Ainsi, s’il s’agit bien d’un second débarquement, survenu deux mois après celui de Normandie, le débarquement de Provence n’en est pas pour autant secondaire. 

L’importance numérique des troupes françaises débarquées sur les côtes provençales, leur rôle dans la réussite de l’opération et de la campagne militaire qui s’ensuit, participent à assurer à la France une place parmi les vainqueurs et, aux lendemains du conflit, à retrouver son rang de grande puissance dans le concert européen et mondial. Ces effets sont encore perceptibles aujourd’hui.

Les heures sombres de l’Occupation peuvent paraître bien lointaines à une génération née au siècle suivant. Les territoires, marqués par les combats au sortir de la guerre, ont été reconstruits et ces cicatrices ont été assimilées par les paysages. Les modes d’information et de communication ont évolué et offrent une caisse de résonnance et une audience aux thèses des plus farfelues aux plus dangereuses qui sapent insidieusement le savoir social, la connaissance collective de ce qui s’est produit, de notre histoire.

Petit à petit, les témoins et les acteurs des événements de l’été 1944 disparaissent. Certains ont voué leur vie à témoigner, à porter leur message de paix et de vigilance, conscients de l’inexorable marche du temps sur les pentes glissantes de l’oubli.

Pourtant, il demeure primordial de se souvenir, non seulement pour honorer le sacrifice de ceux qui ont conquis notre liberté, mais aussi pour tirer des leçons du passé. 

Parce que sans exemple, pas de modèle.
Se remémorer les parcours de ces milliers d’hommes et de femmes, de toutes origines, de tous milieux, de toutes régions du monde, qui se sont levés pour la France et contre l’oppression Nazie montre à quel point l’engagement de chacun pour le vivre ensemble est important.
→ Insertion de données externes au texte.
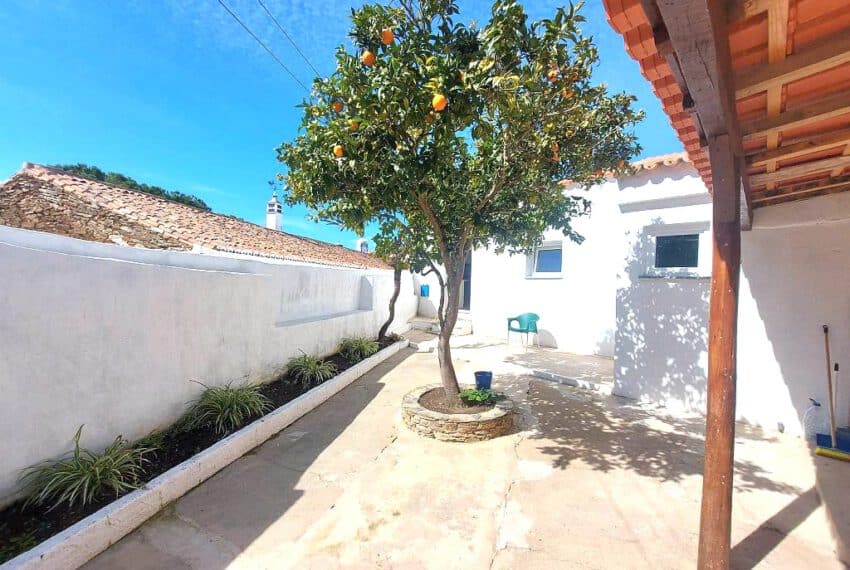 Aldeia de Amoreiras 3 bedroom townhouse, courtyard Alentejo (7)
Car s’il est à la portée de tous de faire une différence, l’implication de chacun n’en est pas moins admirable. La mémoire de ceux qui ont choisi d’agir doit être saluée et préservée, car nous leur devons la liberté.

Parce que sans connaissance scientifique et historique, pas d’opinion éclairée sur le monde qui nous entoure. Connaître l’histoire permet de développer sa capacité d’analyse, son esprit critique, et préserve la faculté de discernement. Elle permet d’apprendre à contrer les idées préconçues, les raisonnements douteux, les fausse nouvelles, et à éviter les écueils des raccourcis fallacieux, des comparaisons déplacées et de la banalisation de l’intolérance.
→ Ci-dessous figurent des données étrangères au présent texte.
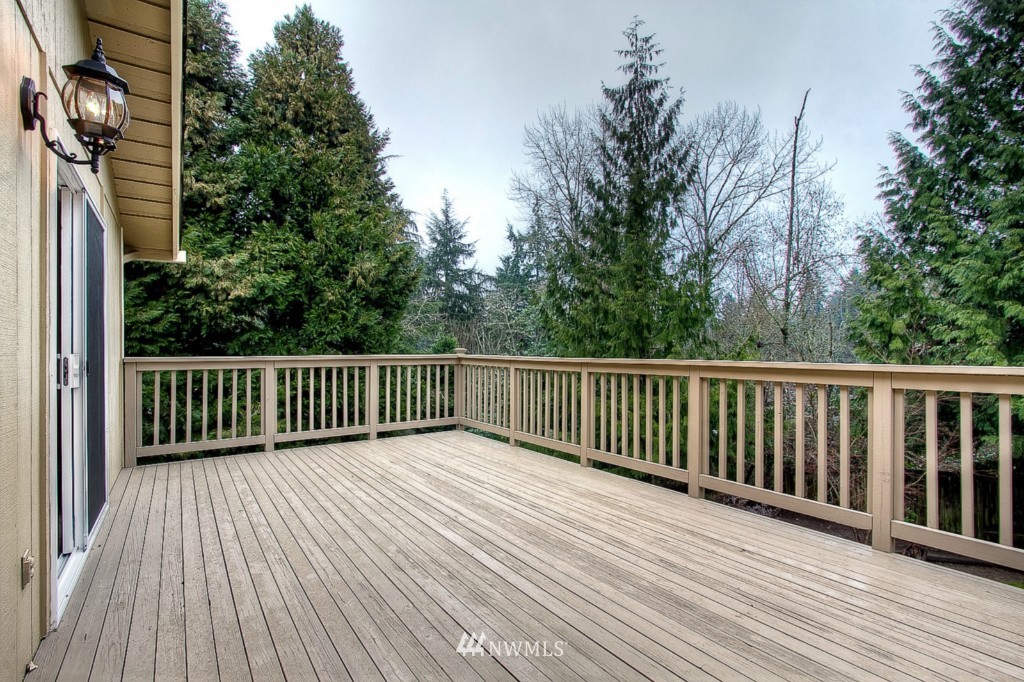 22027 1st Place West Bothell, WA 98021 - Photo 14 of 17 Gallery Image 14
Parce que sans valeurs partagées, pas de communauté nationale.
La mise en perspective de ce qui est, de ce qui a été, de ce qu’il en coûté, permet d’identifier ce qui doit être sauvegardé, ce qui mérite cet engagement, et de comprendre des notions telles que les libertés fondamentales, les valeurs républicaines, la citoyenneté, la démocratie.